Iranians carry a model of a missile during a celebration following an IRGC attack on Israel, in Tehran, Iran, April 15, 2024. Photo: Majid Asgaripour/WANA (West Asia News Agency) via REUTERS

i24 NewsA senior Iranian military figure said that fighting with the US was “likely” to resume after President Donald Trump stated he was dissatisfied with Tehran’s latest proposal, regime media reported on Saturday.

The comments of General Mohammad Jafar Asadi, one of the top Islamic Revolutionary Guard Corps (IRGC) commanders, were relayed by the Fars news agency, considered as a mouthpiece of the the powerful paramilitary body.

“Evidence has shown that the Americans do not not adhere to any commitments,” Asadi was quoted as saying.

He further added that Washington’s decision-making was “primarily media-driven aimed first at preventing a drop in oil prices and second at extricating themselves from the mess they have created.”

Iranian armed forces are ready “for any new adventures or foolishness from the Americans,” he said, going to assert that the Iran war would prove for the US a tragedy comparable with what was for Israel the October 7 massacre.

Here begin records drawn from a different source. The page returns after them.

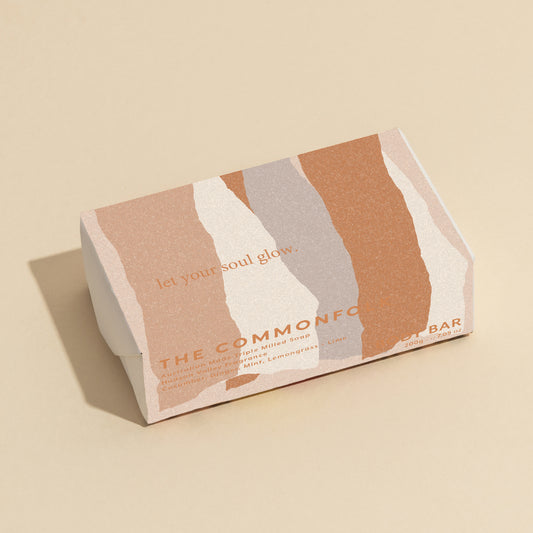 The Commonfolk 200g body bar soap features a minimalist design with shades of pink and beige, and the text 'let your soul glow' on the top.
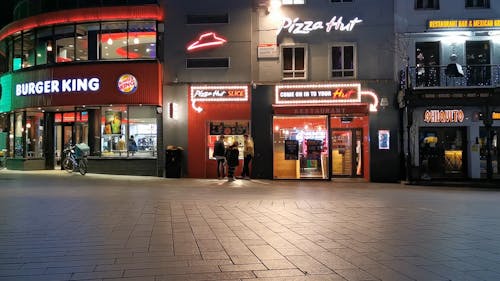 Illuminated City Shops at Night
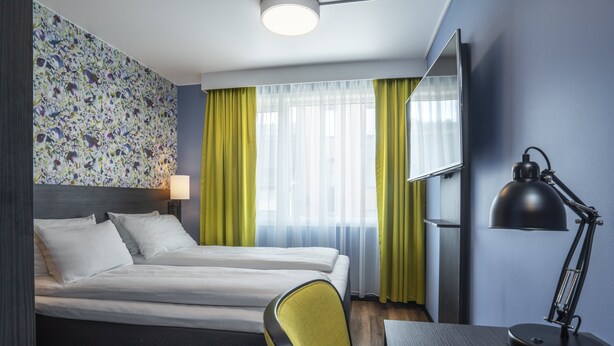 A hotel room with a bed, a desk with a lamp, and a chair. - Thon Hotel Tromsø (Tromsø)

“Just as our martyred Leader said that the Zionist regime will never be the same as before the Al‑Aqsa Storm operation [the name chosen by Hamas leadership for the October 7, 2023 massacre in southern Israel], the United States will also never return to what it was before its attack on Iran,” he said. “The world has understood the true nature of America, and no matter how much malice it shows now, it is no longer the America that many once feared.”